Люстра хрустальная блестит− переливается, все лампочки горят, а им хоть бы хны. Глаза закрыли, друг к дружке прилепились и ногами перебирают, как пьяные. Лица какие− то опрокинутые.
Посреди комнаты (она побольше, чем у Маргоши, но поменьше, чем у тети Леи) стоит стол овальный, полированный, а на столе несколько колод карт. Я знаю, Раппопорты и Розенблиты пулю расписывают, к ним еще друзья приходят, и Маргоша после спектакля присоединяется, допоздна сидят.
Папа говорит, что они играют по маленькой. А Дундук в преферанс не умеет, ему, дураку, только в подкидного и играть. Он из− за этого психует и грозится, что пора эти посиделки прикрывать. Папа считает, что Леечка и Наумчик из− за ерунды рискуют.
Игорь глазищи свои распахнул и говорит мне насмешливо: «Мисс Мери, не изволите ли вы покинуть помещение?»
Можно подумать! Кому ты нужен! Печальный демон, дух изгнанья! И вовсе он даже не Игорь. Его Изя зовут.
Я косу на грудь перекидываю и гордо так в коридор выхожу. Ну, чего это платье так чешется?
Напротив, у Дундуков, открыто. Дундучка Эдика грудью кормит. Грудь у нее большая, белая, в полутьме светится, у них только ночник горит.
− Заходь, − улыбается Вера, − бачиш, присосався – не відірвеш.
Наконец Эдик отвалился, глазки закрыл, хорошенький. Вера его в кроватку укладывает и поет:
Мiсяць на небi, зiроньки сяють,
Тихо по морю човен пливе,
В човнi дiвчина пiсню співає,
А козак чує – серденько мре.
Пісня ця люба, пісня ця мила,
Все про кохання, все про любов,
Як мі кохались та розійшлися,
Тепер зійшлися навіки знов.
Как красиво! И правда – серденько мре.
На стене висит свадебная фотография. Вася в форме, Вера в длинном белом платье, у него на голове фуражка, а у нее – венок с фатой. У Дундука морда дундучья, губы в улыбку растянуты, а глаза колючие, Вера его под руку держит, вроде тоже улыбается, но как− то растеряно. Или испугано?

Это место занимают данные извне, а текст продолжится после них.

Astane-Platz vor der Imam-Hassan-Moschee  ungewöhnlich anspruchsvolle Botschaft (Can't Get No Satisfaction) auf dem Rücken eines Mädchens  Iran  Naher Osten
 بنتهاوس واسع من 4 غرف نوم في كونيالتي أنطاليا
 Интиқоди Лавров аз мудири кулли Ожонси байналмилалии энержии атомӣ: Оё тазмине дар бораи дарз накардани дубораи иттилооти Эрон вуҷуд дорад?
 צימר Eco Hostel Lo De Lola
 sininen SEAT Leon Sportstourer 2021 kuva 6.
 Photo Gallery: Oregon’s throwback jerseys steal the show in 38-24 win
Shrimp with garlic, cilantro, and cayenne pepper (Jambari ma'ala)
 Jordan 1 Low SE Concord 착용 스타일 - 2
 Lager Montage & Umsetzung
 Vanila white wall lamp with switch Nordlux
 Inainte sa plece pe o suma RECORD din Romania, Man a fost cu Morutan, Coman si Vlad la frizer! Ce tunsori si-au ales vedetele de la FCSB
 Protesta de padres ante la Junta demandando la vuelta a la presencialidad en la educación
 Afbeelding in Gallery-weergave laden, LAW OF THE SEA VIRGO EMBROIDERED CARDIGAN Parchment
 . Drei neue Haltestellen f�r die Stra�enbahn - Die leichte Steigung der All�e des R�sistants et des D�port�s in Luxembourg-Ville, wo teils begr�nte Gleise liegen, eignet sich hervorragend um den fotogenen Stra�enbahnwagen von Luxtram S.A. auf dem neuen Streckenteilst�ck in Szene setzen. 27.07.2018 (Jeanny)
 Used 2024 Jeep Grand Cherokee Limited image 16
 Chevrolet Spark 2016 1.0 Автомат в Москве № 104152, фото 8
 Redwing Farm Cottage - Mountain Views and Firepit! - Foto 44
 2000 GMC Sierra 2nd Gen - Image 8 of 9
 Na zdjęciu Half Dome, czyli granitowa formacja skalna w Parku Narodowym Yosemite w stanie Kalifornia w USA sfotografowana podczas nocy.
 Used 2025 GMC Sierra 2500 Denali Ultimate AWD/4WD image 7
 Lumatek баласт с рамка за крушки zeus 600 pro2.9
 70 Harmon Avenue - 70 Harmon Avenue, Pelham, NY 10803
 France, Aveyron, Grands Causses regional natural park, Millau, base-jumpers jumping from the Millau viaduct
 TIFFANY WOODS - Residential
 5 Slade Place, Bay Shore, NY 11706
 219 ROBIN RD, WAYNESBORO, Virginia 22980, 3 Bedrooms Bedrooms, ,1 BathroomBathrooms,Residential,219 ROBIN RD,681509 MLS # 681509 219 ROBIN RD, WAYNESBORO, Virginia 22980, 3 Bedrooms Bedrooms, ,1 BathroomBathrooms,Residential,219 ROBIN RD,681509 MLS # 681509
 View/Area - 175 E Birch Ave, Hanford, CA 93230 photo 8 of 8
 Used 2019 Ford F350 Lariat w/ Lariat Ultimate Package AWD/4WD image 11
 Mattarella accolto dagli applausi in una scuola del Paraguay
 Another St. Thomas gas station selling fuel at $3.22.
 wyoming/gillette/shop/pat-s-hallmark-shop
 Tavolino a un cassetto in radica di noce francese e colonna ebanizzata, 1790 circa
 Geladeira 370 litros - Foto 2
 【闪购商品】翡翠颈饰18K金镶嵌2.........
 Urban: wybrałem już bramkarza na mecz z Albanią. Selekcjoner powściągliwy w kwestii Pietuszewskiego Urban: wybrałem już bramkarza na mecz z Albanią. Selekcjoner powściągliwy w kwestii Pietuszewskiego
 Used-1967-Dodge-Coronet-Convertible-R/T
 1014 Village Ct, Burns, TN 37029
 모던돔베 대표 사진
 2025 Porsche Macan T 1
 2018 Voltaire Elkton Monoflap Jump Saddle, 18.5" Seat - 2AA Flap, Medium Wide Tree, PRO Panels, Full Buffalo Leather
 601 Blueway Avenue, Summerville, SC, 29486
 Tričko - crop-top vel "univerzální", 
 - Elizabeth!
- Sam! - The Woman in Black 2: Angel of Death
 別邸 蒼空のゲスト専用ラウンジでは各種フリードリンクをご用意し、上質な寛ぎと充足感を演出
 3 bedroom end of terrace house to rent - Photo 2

Кровать у них высокая, подушки одна на другой, сверху занавеской прикрыты. Как они на эту постель карабкаются?
Вера замолкает, мы на цыпочках из комнаты выходим и дверь тихонько прикрываем.
Навстречу нам тетя Лея.
− Что, Вера, укачала? Помоги посуду помыть, я совсем забегалась.
− Хорошо, Лея Израилевна, помою, − говорит Вера и идет на кухню.
На кухню у них – идти и идти. Из прихожей, куда все четыре двери выходят, надо налево повернуть, там коридор узкий, темный, длиннющий− предлиннющий, слева двери в туалет и ванную, и еще одна, в комнату, где прислуга жила. А потом уже кухня большая с двумя газовыми плитами, четырьмя шкафчиками и черным ходом.
Тете Лее повезло, она плиту с Маргошей делит, а из Маргоши какая хозяйка? У нее сплошные репетиции и спектакли. Но мадам Розенблит с Дундучкой тоже не ссорятся. У них коммуна – образцово− показательная.
Вера фартук напялила, рукава закатала, из чайника в миску воды горячей налила, тряпочку хозяйственным мылом намылила и посуду моет. Посуды – гора.
А на тети Леином шкафчике два торта стоят. Мои любимые: наполеон и кутузовский. Тетя Лея посыпает наполеон крошками от коржа, а мадам Розенблит – кутузовский орехами молотыми.
− Нет, вы подумайте, Клара, мой Нюма такой умник, говорит, чтоб я работу бросила. И на что мы будем жить? На наши нищенские пенсии?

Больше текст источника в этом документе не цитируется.